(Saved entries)
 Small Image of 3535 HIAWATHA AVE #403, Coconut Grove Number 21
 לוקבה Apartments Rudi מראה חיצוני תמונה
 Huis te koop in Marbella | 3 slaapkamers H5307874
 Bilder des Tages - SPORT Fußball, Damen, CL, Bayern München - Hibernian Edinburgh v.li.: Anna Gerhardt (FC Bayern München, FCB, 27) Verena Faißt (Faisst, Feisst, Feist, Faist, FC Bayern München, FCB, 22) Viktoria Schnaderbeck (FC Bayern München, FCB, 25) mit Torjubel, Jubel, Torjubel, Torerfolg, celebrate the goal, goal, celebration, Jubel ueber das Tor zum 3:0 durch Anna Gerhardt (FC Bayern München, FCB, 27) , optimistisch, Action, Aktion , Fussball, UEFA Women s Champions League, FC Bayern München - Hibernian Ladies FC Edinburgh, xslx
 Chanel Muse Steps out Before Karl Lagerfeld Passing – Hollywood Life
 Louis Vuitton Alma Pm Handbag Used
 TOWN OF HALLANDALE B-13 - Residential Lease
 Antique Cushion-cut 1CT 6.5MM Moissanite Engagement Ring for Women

Problem to solve → Copy out all the lines of the records that include "Women".

Problem solution →
 Bilder des Tages - SPORT Fußball, Damen, CL, Bayern München - Hibernian Edinburgh v.li.: Anna Gerhardt (FC Bayern München, FCB, 27) Verena Faißt (Faisst, Feisst, Feist, Faist, FC Bayern München, FCB, 22) Viktoria Schnaderbeck (FC Bayern München, FCB, 25) mit Torjubel, Jubel, Torjubel, Torerfolg, celebrate the goal, goal, celebration, Jubel ueber das Tor zum 3:0 durch Anna Gerhardt (FC Bayern München, FCB, 27) , optimistisch, Action, Aktion , Fussball, UEFA Women s Champions League, FC Bayern München - Hibernian Ladies FC Edinburgh, xslx
 Antique Cushion-cut 1CT 6.5MM Moissanite Engagement Ring for Women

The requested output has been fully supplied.